Nella prefazione al libro “Il giudice ragazzino” che il vescovo di Catanzaro, Vincenzo Bertolone, ha dedicato a Rosario Livatino, Papa Francesco ha scritto: “Picciotti, che cosa vi ho fatto? riuscì a domandare, prima che il suo viso fosse deturpato dai proiettili. Erano le parole di un profeta morente, che dava voce alla lamentazione di un giusto che sapeva di non meritare quella morte ingiusta”.

Per il Papa quello di Livatino è un grido di dolore e al tempo stesso di verità, che con la sua forza annienta gli eserciti mafiosi, svelando delle mafie in ogni forma l’intrinseca negazione del Vangelo, a dispetto della secolare ostentazione di santini, di statue sacre costrette ad inchini irriguardosi, di religiosità sbandierata quanto negata”.

Nel giorno della beatificazione, rendiamo grazie per l’esempio che il giudice Livatino ci lascia, per aver combattuto ogni giorno la buona battaglia della fede con umiltà, mitezza e misericordia.

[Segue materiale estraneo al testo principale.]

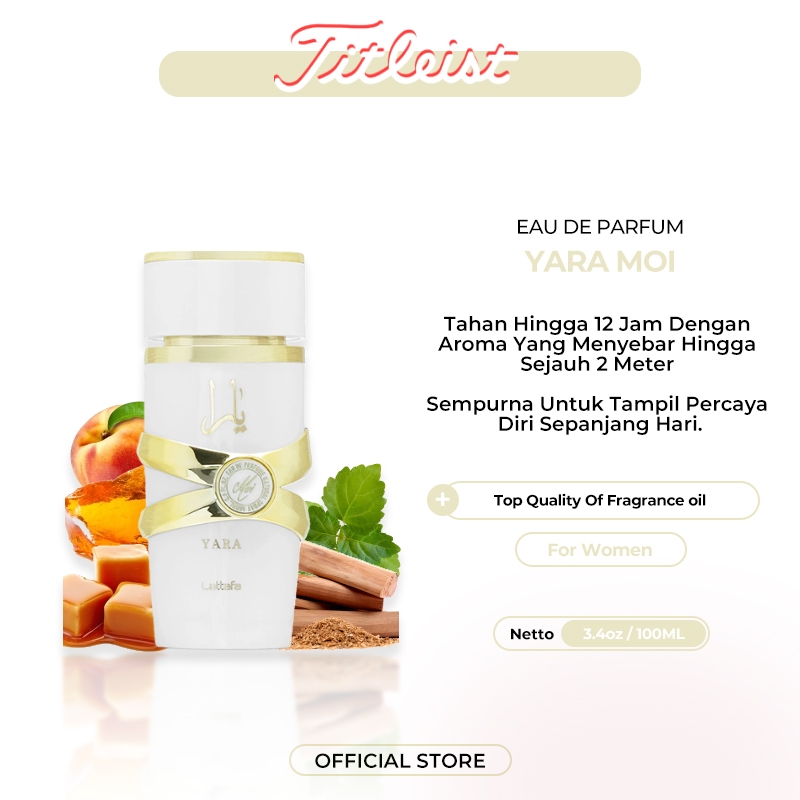Lattafa Yara Moi Parfum 100ML, Lattafa Official Store, Fragrance World, Lattafa Yara Moi Eau de Parf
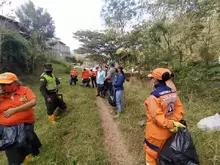 Jornada de limpieza a la quebrada las animas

Il piccolo seme ora ha dato i suoi frutti e l’intera comunità ne trae beneficio e sostegno

Il luogo del delitto

Assassinato all’età di 37 anni ad Agrigento, il 21 settembre 1990, Rosario Livatino è il primo magistrato Beato nella storia della Chiesa e San Giovanni Paolo II già nel 1993 lo definì “Martire della giustizia e indirettamente della fede

La sigla che compariva tra i suoi scritti “S.T.D.” indica le iniziali di “Sub tutela Dei” attestazione dell’atto di affidamento totale che Rosario faceva con frequenza alla volontà di Dio. Il suo “Fiat” oggi ha prodotto una grande luce sul sentiero della Giustizia e della Legalità.

Nel libro di Marco Pappalardo “Non chiamatelo ragazzino”, (Edizioni Paoline) vengono ben evidenziati i principi e di valori dell’onestà intellettuale, della correttezza, dell’irreprensibilità del giovane magistrato, che non fu “un ragazzino”, ma si è impegnato nella lotta contro la malavita e il malaffare, mandato allo sbaraglio dalle istituzioni contro l’organizzazione mafiosa de “la stidda”.

La sua lezione di vita raggiunge i giovani studenti, costretti dal Covid alla didattica a distanza, tra solitudine e incertezza per il futuro. Il suo esempio diventa testimonianza per maggiormente credere che sia possibile cambiare le cose, “Basta volerlo!”

Il giudice Rosario Livatino

Nel libro di Pappalardo, Livatino è presentato non come un eroe, ma come un uomo rispettoso della dignità degli altri e ancor più dei deboli, dei fragili, degli ultimi, considerati “scarti sociali”.

La sua scelta coerente per i valori e i principi cristiani gli è costata ieri la morte, ora la gloria della beatificazione, arricchendo la schiera dei giovani santi come Carlo Acutis, e i loro messaggi giungono al cuore dei giovani per un cammino di rinnovamento spirituale.

Le parole di Livatino: “Nessuno ci verrà a chiedere quanto siamo stati credenti ma credibili”, sono confermati dal suo impegno di vita professionale, nel fare bene ogni cosa e dare alle azioni comuni la valenza delle cose eccezionali.